To do: Pictures stay out of the copy. Everything else in the records must be repeated exactly.

##########

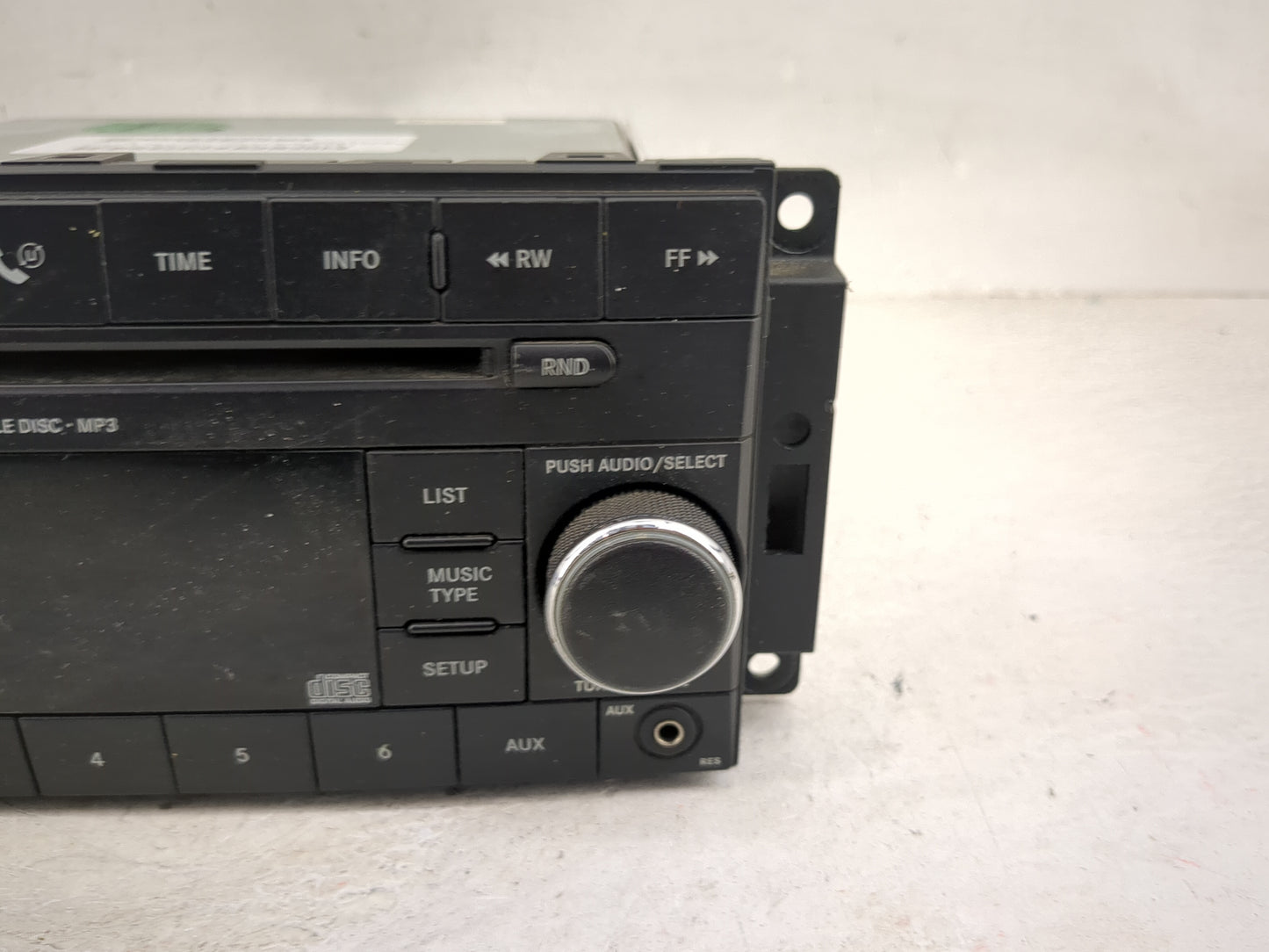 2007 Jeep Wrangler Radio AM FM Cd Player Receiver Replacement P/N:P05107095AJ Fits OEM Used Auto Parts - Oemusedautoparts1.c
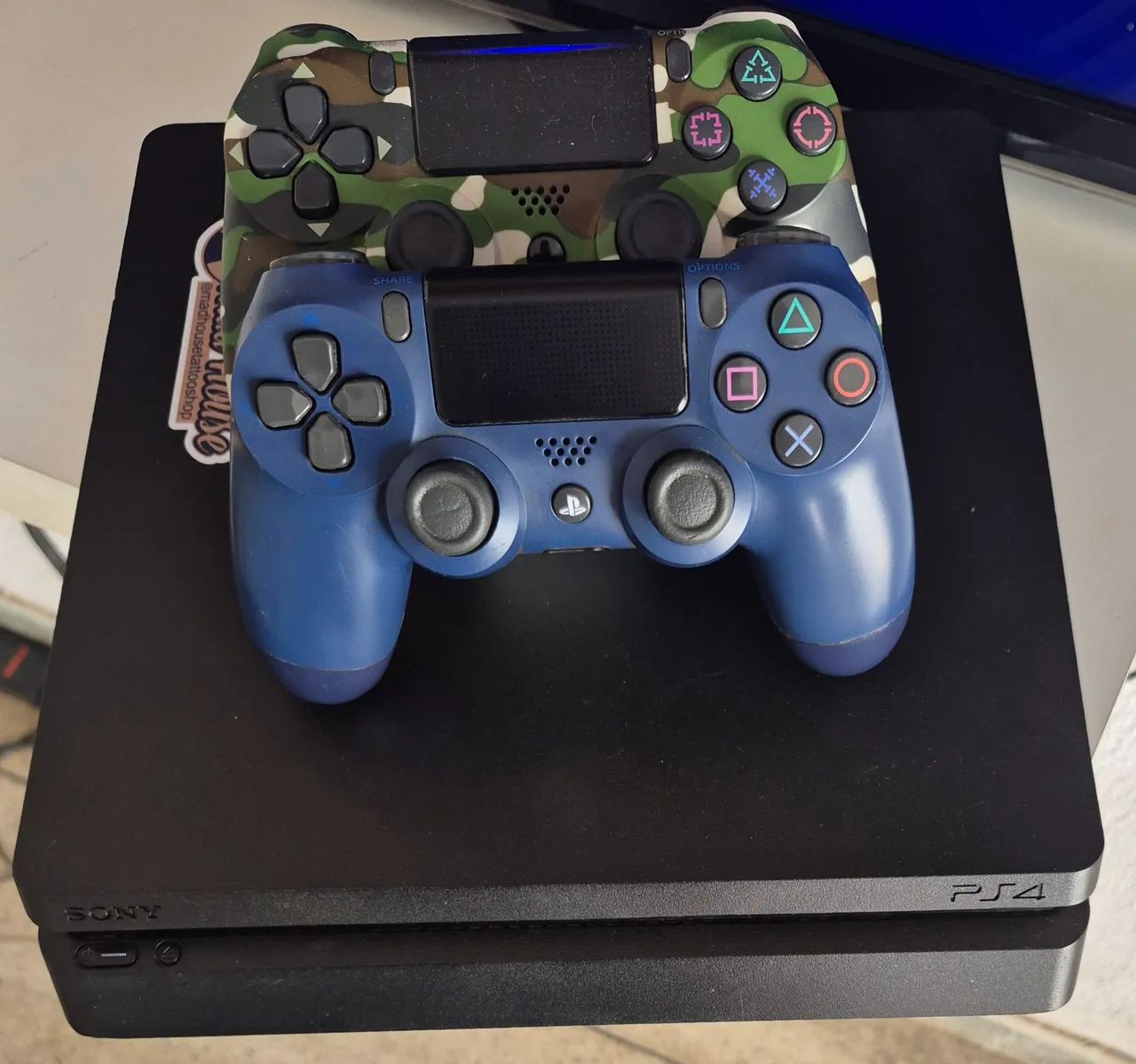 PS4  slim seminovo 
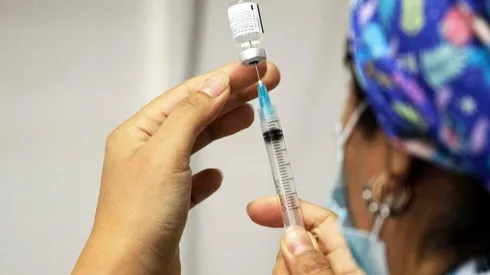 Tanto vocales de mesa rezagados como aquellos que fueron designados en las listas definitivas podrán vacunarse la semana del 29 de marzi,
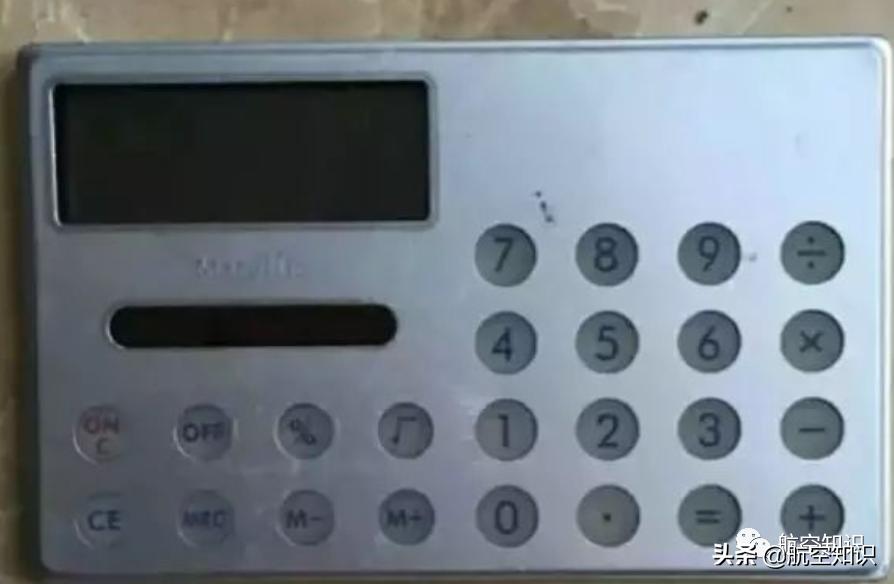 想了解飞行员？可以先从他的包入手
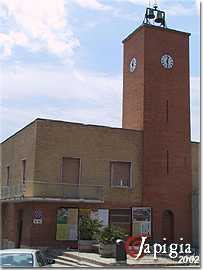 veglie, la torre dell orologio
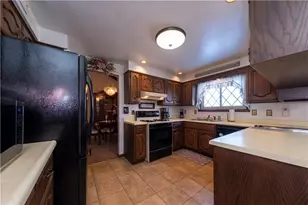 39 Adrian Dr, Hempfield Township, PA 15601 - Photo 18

##########

Problem solution:
 2007 Jeep Wrangler Radio AM FM Cd Player Receiver Replacement P/N:P05107095AJ Fits OEM Used Auto Parts - Oemusedautoparts1.c
 PS4  slim seminovo 
 Tanto vocales de mesa rezagados como aquellos que fueron designados en las listas definitivas podrán vacunarse la semana del 29 de marzi,
 想了解飞行员？可以先从他的包入手
 veglie, la torre dell orologio
 39 Adrian Dr, Hempfield Township, PA 15601 - Photo 18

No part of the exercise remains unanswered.